Forecasting Eruptive Activity and providing warning of imminent eruptions
The Institute of Geological & Nuclear Sciences (GNS), New Zealand, were among the first government bodies to develop a spectrometer system based on the design Edmonds and colleagues pioneered. Senior Scientist at GNS, Dr Craig Miller, states [E4]:
‘the UV scanning spectrometer network installed by Edmonds, Oppenheimer and colleagues in Montserrat provided the template for GNS volcanologists to develop a similar system at White Island, New Zealand. It is used for monitoring volcanic activity at this hazardous and unpredictable volcano. An increase in gas flux, along with increased levels of seismicity and ground deformation, would significantly increase the probability of eruption and consequently the alert level at the volcano, which is used for decision-making surrounding issues such as restricting access and warnings to the public’.

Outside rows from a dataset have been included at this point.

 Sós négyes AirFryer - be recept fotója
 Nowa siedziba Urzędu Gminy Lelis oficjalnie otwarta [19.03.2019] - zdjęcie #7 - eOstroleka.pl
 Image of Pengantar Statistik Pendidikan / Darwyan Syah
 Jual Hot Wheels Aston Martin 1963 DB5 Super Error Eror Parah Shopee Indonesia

In October 2019, SO2 fluxes measured by the scanning spectrometers (and accompanying tremor) at White Island increased to the highest levels since 2016, suggesting an eruption was imminent over the coming weeks and months [E5, 6]. On 18 November 2019, the alert level was raised to ‘2’ (the highest before eruption) signalling ‘heightened volcanic unrest’ and ‘potential for eruption hazards’ [E7].

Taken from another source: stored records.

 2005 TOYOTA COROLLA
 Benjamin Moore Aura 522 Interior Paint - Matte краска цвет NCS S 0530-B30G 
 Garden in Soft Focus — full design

Tragically, an eruption on 9 December 2019 killed 19 people. In this case, clear warnings were not heeded, and preventative action which could have saved lives was not taken.

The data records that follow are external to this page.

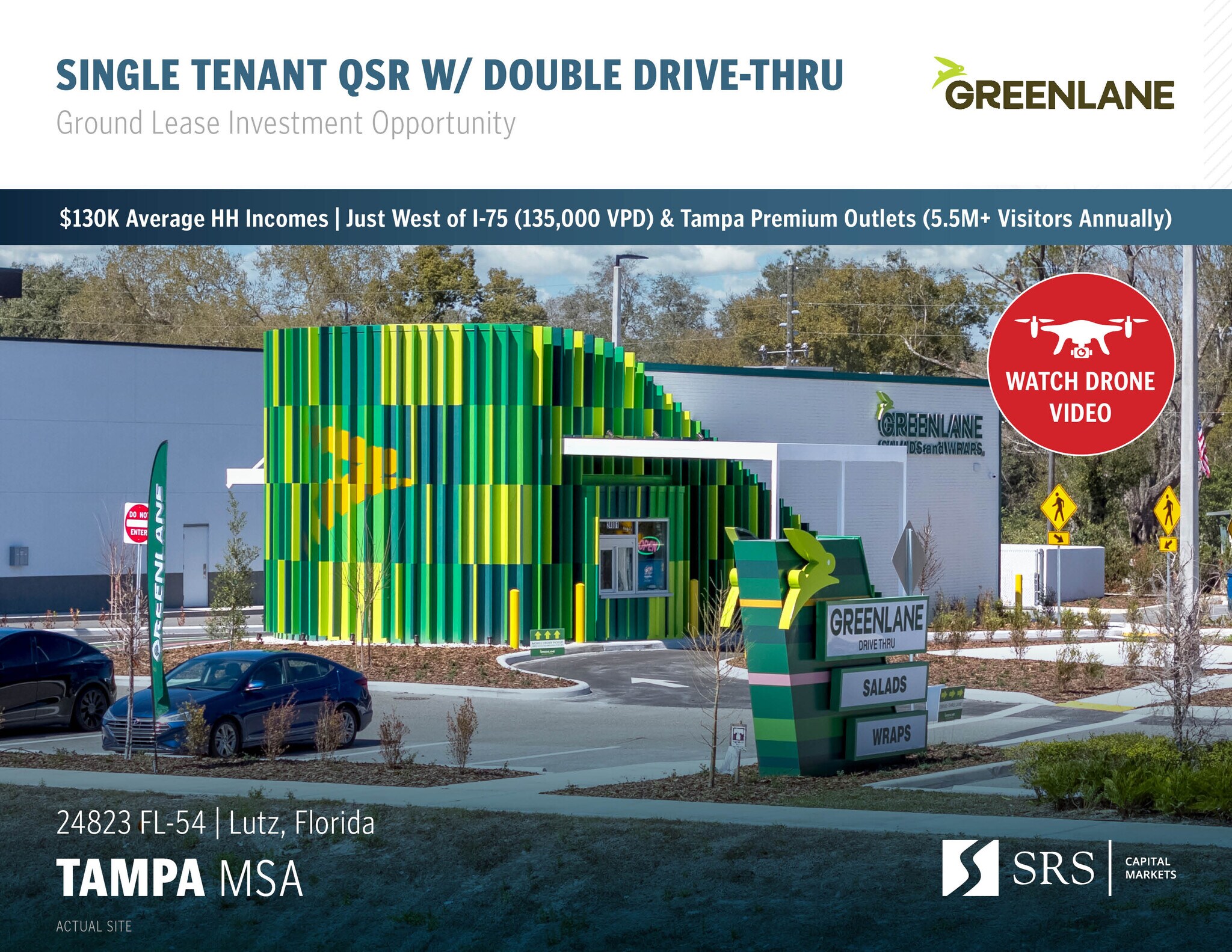 24823 State Road 54, Lutz, FL à vendre Photo principale– Image 1 sur 12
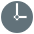 Three O’clock Emoji from EmojiTwo Colors Set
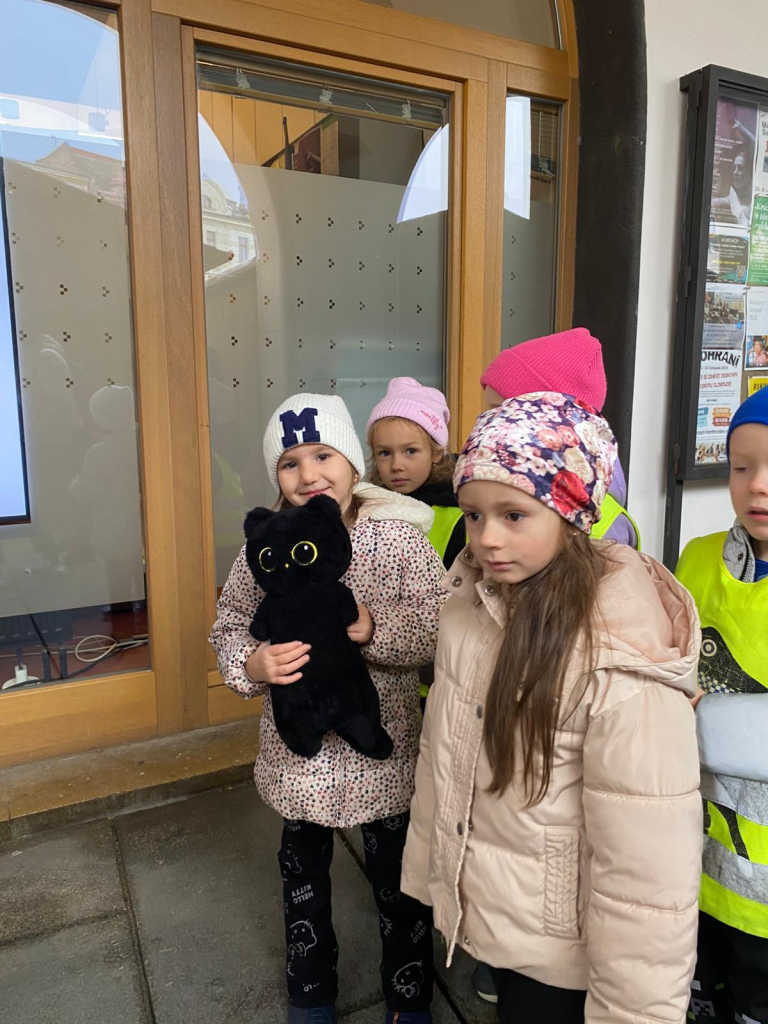 Sluníčka na Kočičce Ole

At Volcán Tungurahua (Ecuador), 30,000 people live in areas at risk from pyroclastic flows and lahars. A spectrometer system based on the Cambridge design was installed in 2004. Eruptions in 2013, 2014 and 2016 have had considerable impacts on livelihoods, particularly agricultural activities (with crops damaged and land made unusable due to the deposition of volcanic ash). The scanning spectrometer stations provide SO2 flux data for the assessment of risk and early warning of eruptions. In February 2014 >600 people were evacuated after alert levels were raised in response to increasing SO2 flux (to over 2000 tonnes per day), as well as increased rates of earthquakes and ash venting at the summit:
‘The automatic scanning DOAS stations as first developed at Soufriere Hills
Volcano, and which nice results have been shown by Edmonds and colleagues in 2003,
have been widely adopted by volcanological observatories over the past 15 years… At Tungurahua, we installed 2 DOAS systems directly based on the Montserrat UV
spectrometer system, the UV scanning spectrometer network yielded important data which,
when used in combination with other monitored parameters as seismic activity, allowed us
to assess hazard levels and advise local authorities on the general level of volcanic
activity’ [E3, Instituto Geofisico, Ecuador] .
Providing critical input into mandatory exclusion zones
In Montserrat, the eruption of the Soufriere Hills Volcano ceased in 2011, yet it remains restless. One key characteristic is continued high flux of SO2, as measured by the spectrometer network, leading the government to retain an exclusion zone around the volcano. The Montserrat Volcano Observatory (MVO) and Scientific Advisory Committee (British Foreign Office) continue to rely on the SO2 flux data to assess whether the eruption is over or has merely paused. The March 2019 MVO Scientific Report [E8] states:
‘the potential for continuing activity has been considered against the following three criteria:
Seismicity
Gas – daily SO2 emission rates above 50 tonnes per day
Ground deformation
Criteria 2 and 3 are currently being met.’
Consequently, the volcano remains in an elevated state of unrest, with an exclusion zone including over half the island.
Allowing safe industrial re-development
However, on Montserrat, the monitoring networks are now making economic recovery possible. The Government has permitted a geothermal plant to be established in the exclusion zone, a decision informed by advice from the MVO, based partly on gas flux information. The Director of the MVO [E9] states:
‘In 2014 the Government of Montserrat gave permission for a geothermal company, the Iceland Drilling Company , to begin operations generating two boreholes from which it was projected that much of the island’s energy needs would be provided. A third well is planned for 2020. This permission was based on advice from the Montserrat Volcano Observatory on volcanic risk; gas fluxes were one part of the critical evidence upon which the low risk level for that particular area was assigned.’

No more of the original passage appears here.